# Best Algae control for fancy goldfish tank



## Telperion (Jun 12, 2006)

I asked this in another forum but realize it may be better asked here -- I have a 55 gallon with orandas, comets and black moors (and plants). I am worried about algae growth. Will planting more plants take care of the algae problem or do I need to get a pleco? I am worried that otos or SAEs may be harmed by my curious goldfish.


----------



## JanS (Apr 14, 2004)

Something like a Bristlenose would probably be your best option if the algae starts becoming a problem.
I'm not sure what temp you keep the tank at, but it _could_ be a little cool for the Bristle's, though.

Don't the Goldies themselves sort of control algae? I don't have a bit of experience with them, but I thought I heard that....


----------



## Telperion (Jun 12, 2006)

Well, so far they are pretty good at keeping the gravel clean, but not the glass walls of the tank itself. The tank hovers around 70 degrees to 72. That may not be good for a bristlenose from what I've read, although they do say 74 is good.


----------



## DataGuru (Mar 11, 2005)

Be careful with goldies and plecos. Goldies sleep at nite and tend to sleep near the bottom of the tank.
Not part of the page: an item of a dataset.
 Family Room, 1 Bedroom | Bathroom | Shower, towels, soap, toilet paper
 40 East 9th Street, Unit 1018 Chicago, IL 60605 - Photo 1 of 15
If the pleco isn't getting enough to eat (which is quite possible in a tank with goldies) he'll go after the goldfish at nite.

Ramshorn snails are great for brown algae. They have to be large enough not to get eaten tho. Plus the smaller snails are great goldie food. My goldies like to eat hair algae and the green grassy type that grows on surfaces.


----------



## IUnknown (Feb 24, 2004)

Floating plants always worked well with my goldfish. Real Nitrate suckers.


----------



## Telperion (Jun 12, 2006)

IUnknown said:


> Floating plants always worked well with my goldfish. Real Nitrate suckers.


Which floating plants do you recommend? My main concern with my goldies is rising nitrate levels - LOTS of water changes so far. :-k


----------



## DataGuru (Mar 11, 2005)

Water lettuce and hornwort are good. Mine like to eat duckweed and frogbit.


----------



## erik Loza (Feb 6, 2006)

I have used small Chinese Algae Eaters for years in goldfish tanks and they work great. While pleco's will harass goldfish, I have never had one of these guys do it and they do an excellent job on the diatomaceous brown algae. The trick is to buy smaller, young ones that will always stay busy against the algae and exchange them as they get older. Good luck.


----------